There are 10 wells planned for Southeast Asia in 2012, which
includes one well drilling over year-end 2011. These wells support
ongoing gas aggregation in PNG and new opportunities in Vietnam and
Malaysia. A total of six wells are planned for the UK and Norway,
and five wells for future options, including wells drilling over
year-end in Poland and the Kurdistan region of northern Iraq.
And finally, we will seek to exit some areas of our exploration
portfolio as part of its natural evolution. Some areas we will
appraise and develop, but others we will choose to exit for value
at an earlier stage in the cycle.
Talisman Energy Inc. is a global, diversified, upstream oil and
gas company, headquartered in Canada. Talisman's three main
operating areas are North America, the North Sea and Southeast
Asia. The company also has a portfolio of international exploration
opportunities. Talisman is committed to conducting business safely,
in a socially and environmentally responsible manner, and is
included in the Dow Jones Sustainability (North America) Index.
Talisman is listed on the Toronto and New York stock exchanges
under the symbol TLM. Please visit our website at
www.talisman-energy.com.
02 -12
Forward-Looking Information
This news release contains information that constitutes
"forward-looking information" or "forward-looking statements"
(collectively "forward-looking information") within the meaning of
applicable securities legislation. This forward-looking information
includes, among others, statements regarding: business strategy,
priorities and plans; planned capital expenditure, company-wide and
by region; planned decrease in capital spending in dry gas plays in
North America; expected production growth in 2012 and in the medium
term; expected liquids and natural gas production growth; potential
asset sales and third-party involvement in North America, potential
reduction of exposure in the North Sea, and potential area exits
with respect to the company's exploration portfolio; planned focus
of the exploration program and reduction in exploration spending;
planned development spending in Colombia; expected reserve
replacement costs; planned production in North America, Southeast
Asia and the North Sea; planned capital spending, and focus of such
spending, in North America; planned rigs in the Eagle Ford,
Marcellus and Montney and drilling in the Duvernay; anticipated
first production at the HST/HSD development; planned drilling in
Southeast Asia, the North Sea, Colombia, Poland, PNG and Iraqi
Kurdistan; expected upgrades at the Claymore platform; planned
sanctioning in the Piedemonte block; and other expectations,
beliefs, plans, goals, objectives, assumptions, information and
statements about possible future events, conditions, results of
operations or performance. Forward-looking information for periods
past 2012 assumes escalating commodity prices.

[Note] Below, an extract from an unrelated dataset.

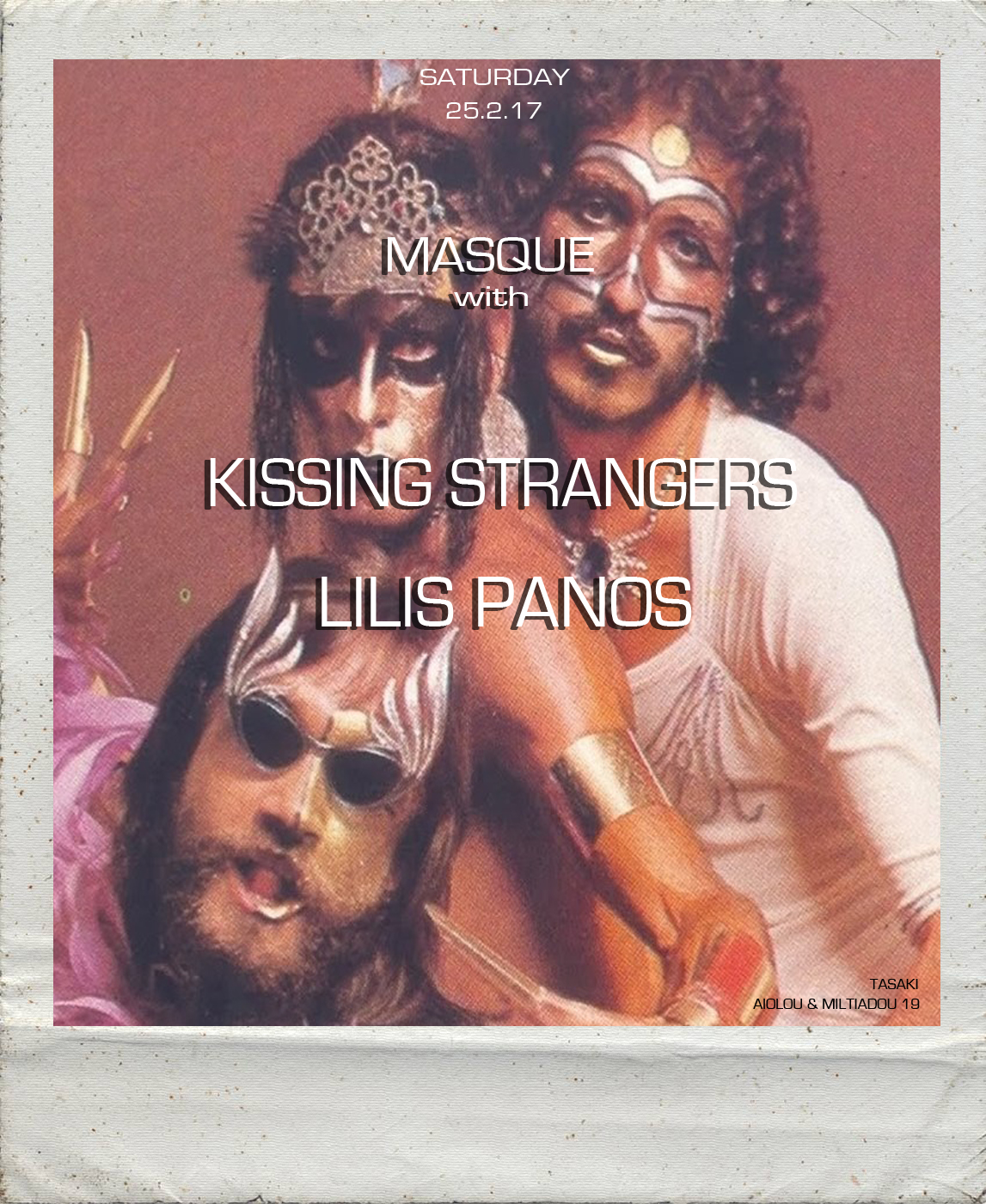 15631245_726008544218591_1911505302_o 66qbg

Undue reliance should not be placed on forward-looking
information. Forward-looking information is based on current
expectations, estimates and projections that involve a number of
risks which could cause actual results to vary and in some
instances to differ materially from those anticipated by Talisman
and described in the forward-looking information contained in this
news release. The material risk factors include, but are not
limited to: the risks of the oil and gas industry, such as
operational risks in exploring for, developing and producing crude
oil and natural gas, market demand and unpredictable facilities
outages; risks and uncertainties involving geology of oil and gas
deposits; uncertainty related to securing sufficient egress and
markets to meet shale gas production; the uncertainty of reserves
and resources estimates, reserves life and underlying reservoir
risk; the uncertainty of estimates and projections relating to
production, costs and expenses; the impact of the economy on the
ability of the counterparties to the Company's commodity price
derivative contracts to meet their obligations under the contracts;
potential delays or changes in plans with respect to exploration or
development projects or capital expenditures; fluctuations in oil
and gas prices, foreign currency exchange rates and interest rates;
the outcome and effects of any future acquisitions and
dispositions; health, safety and environmental risks; uncertainties
as to the availability and cost of financing and changes in capital
markets; risks in conducting foreign operations (for example,
political and fiscal instability or the possibility of civil unrest
or military action); changes in general economic and business
conditions; the possibility that government policies or laws may
change or governmental approvals may be delayed or withheld; and
results of the Company's risk mitigation strategies, including
insurance and any hedging activities. The foregoing list of risk
factors is not exhaustive. Additional information on these and
other factors which could affect the Company's operations or
financial results or strategy are included in Talisman's most
recent Annual Information Form. In addition, information is
available in the Company's other reports on file with Canadian
securities regulatory authorities and the United States Securities
and Exchange Commission. Forward-looking information is based on
the estimates and opinions of the Company's management at the time
the information is presented. The Company assumes no obligation to
update forward-looking information should circumstances or
management's estimates or opinions change, except as required by
law.
Production Volumes
Unless otherwise stated, production volumes are stated on a
Company interest basis prior to the deduction of royalties and
similar payments. In the US, net production volumes are reported
after the deduction of these amounts. US readers may refer to the
table headed "Continuity of Net Proved Reserves" in Talisman's most
recent Annual Information Form for a statement of Talisman's net
production volumes. The use of the word "gross" in this news
release means a 100% interest prior to the deduction of royalties
and similar payments.
BOE Conversion
Throughout this news release, barrels of oil equivalent (boe)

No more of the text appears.